Where it is way ahead of its less premium rivals is material quality. Everything is rock solid with no squeaks or rattles and feels nice to touch. There was one exception to this and that was an irritating squeak from the drivers seat over minor undulations. I tried to narrow down where it was coming from to no avail and didn’t fancy getting it booked in for something so small, but it seems now to have completely disappeared which pretty much confirms my assumption it was the new leather. My biggest disappointment with the car was the steering wheel which after being spoiled with the M-Sport wheel in the X2, felt thin, flimsy and looked and felt cheap and completely at odds with the otherwise quality interior. I’d definitely specify the M-Sport wheel if I had the chance again. As the thing you touch and interact with the most in a car as a driver it is important it looks and feels nice to use. The other things I would have liked to specify was the larger alloy wheels because whilst the 18″ alloys fitted have a nice diamond cut design they do look a little small on a car like this.

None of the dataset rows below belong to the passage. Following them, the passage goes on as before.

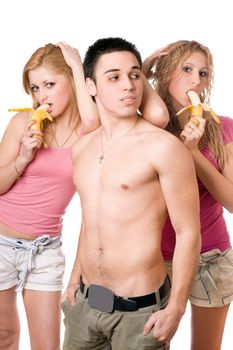 Young man and two pretty women with bananas. Isolated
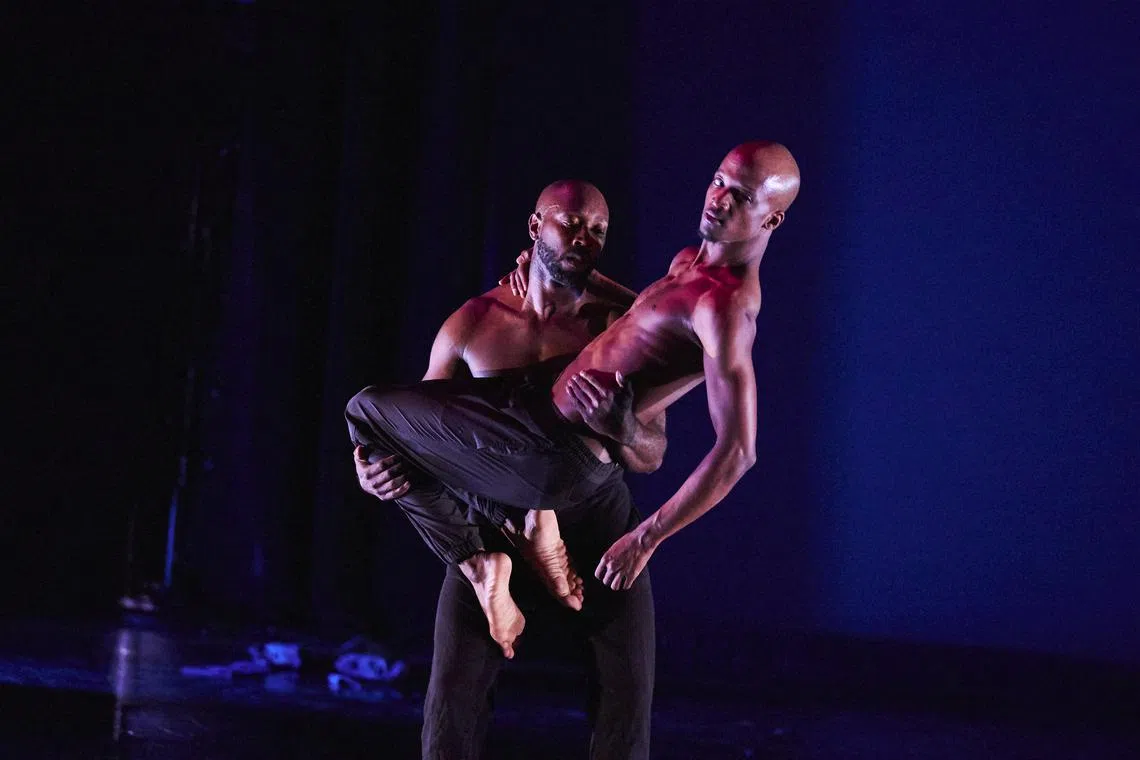 Dancers Dedrick “D. Banks” Gray (background) and Timothy “Solomon” Bowser (foreground) perform a duet unpacking masculinity through the lenses of two black men.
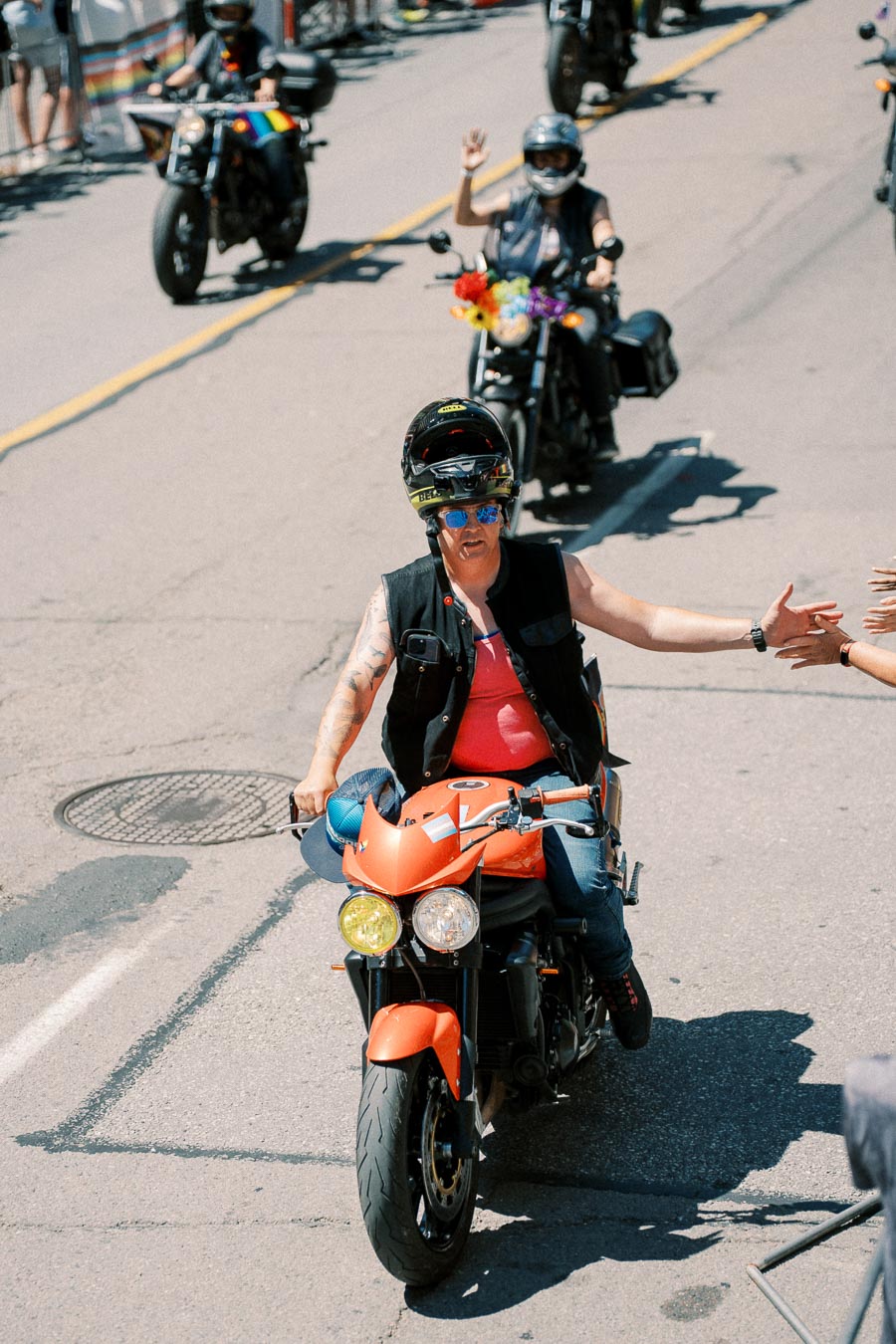 A motorcyclist participates in a parade, engaging with the crowd while riding an orange motorcycle.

Big plus points for me on the equipment front are the LED headlights which literally turn night to day and the infotainment system which is intuitive and comprehensive and doesn’t even look too bad on the smaller standard screen fitted to my car. I was concerned it would look terrible after seeing the Pro nav with the larger screen but it doesn’t and has the majority of the functions. I’d still have preferred the Pro nav but it’s a significant cost that I couldn’t justify. The only option I did specify was the Privacy Glass which tints the rear windows and I am so glad I did because aesthetically it looks much better and it keeps the sun off my 3 year old daughter on hot days as well as keeping the cabin cooler for when you return to the car on a sunny afternoon.
So I’m 9500 miles in to my time with the X1 and so far I’m very pleased. It is the ideal car for a small family who require practicality with a driver who enjoys driving spiritedly for pleasure and takes pride in what they drive. No faults so far and tyre wear seems good and we’re still 8500 miles from its first service. Fingers crossed things stay as rosy as they have been in this first 4 months. With Autumn and Winter approaching I’m looking forward to seeing how the X1 deals with less clement conditions. I will of course keep you updated on here so make sure you subscribe to not miss a post and like and comment to tell me what you think below.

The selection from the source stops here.